- _Required work_: Exact repetition is required: output every record in full.

[Items from a dataset]
= Beginning of Section =
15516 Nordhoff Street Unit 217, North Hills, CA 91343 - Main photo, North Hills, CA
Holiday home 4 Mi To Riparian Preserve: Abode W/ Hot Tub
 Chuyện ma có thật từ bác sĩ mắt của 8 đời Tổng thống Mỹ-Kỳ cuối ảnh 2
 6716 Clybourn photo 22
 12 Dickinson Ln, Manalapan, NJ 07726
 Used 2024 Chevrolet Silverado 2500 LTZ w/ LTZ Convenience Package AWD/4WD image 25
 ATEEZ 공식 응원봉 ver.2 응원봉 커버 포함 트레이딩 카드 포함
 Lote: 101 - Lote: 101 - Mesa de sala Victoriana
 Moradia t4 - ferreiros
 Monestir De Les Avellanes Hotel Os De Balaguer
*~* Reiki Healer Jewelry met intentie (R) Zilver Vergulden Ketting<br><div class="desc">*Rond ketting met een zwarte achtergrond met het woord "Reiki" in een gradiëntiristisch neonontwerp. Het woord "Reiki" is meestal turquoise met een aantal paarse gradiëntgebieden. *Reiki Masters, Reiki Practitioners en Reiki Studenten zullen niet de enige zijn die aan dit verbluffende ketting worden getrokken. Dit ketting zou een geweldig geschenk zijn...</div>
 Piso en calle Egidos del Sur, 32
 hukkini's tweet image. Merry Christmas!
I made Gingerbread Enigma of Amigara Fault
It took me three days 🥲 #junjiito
= End of Section =
- _Output of the task_:
15516 Nordhoff Street Unit 217, North Hills, CA 91343 - Main photo, North Hills, CA
Holiday home 4 Mi To Riparian Preserve: Abode W/ Hot Tub
 Chuyện ma có thật từ bác sĩ mắt của 8 đời Tổng thống Mỹ-Kỳ cuối ảnh 2
 6716 Clybourn photo 22
 12 Dickinson Ln, Manalapan, NJ 07726
 Used 2024 Chevrolet Silverado 2500 LTZ w/ LTZ Convenience Package AWD/4WD image 25
 ATEEZ 공식 응원봉 ver.2 응원봉 커버 포함 트레이딩 카드 포함
 Lote: 101 - Lote: 101 - Mesa de sala Victoriana
 Moradia t4 - ferreiros
 Monestir De Les Avellanes Hotel Os De Balaguer
*~* Reiki Healer Jewelry met intentie (R) Zilver Vergulden Ketting<br><div class="desc">*Rond ketting met een zwarte achtergrond met het woord "Reiki" in een gradiëntiristisch neonontwerp. Het woord "Reiki" is meestal turquoise met een aantal paarse gradiëntgebieden. *Reiki Masters, Reiki Practitioners en Reiki Studenten zullen niet de enige zijn die aan dit verbluffende ketting worden getrokken. Dit ketting zou een geweldig geschenk zijn...</div>
 Piso en calle Egidos del Sur, 32
 hukkini's tweet image. Merry Christmas!
I made Gingerbread Enigma of Amigara Fault
It took me three days 🥲 #junjiito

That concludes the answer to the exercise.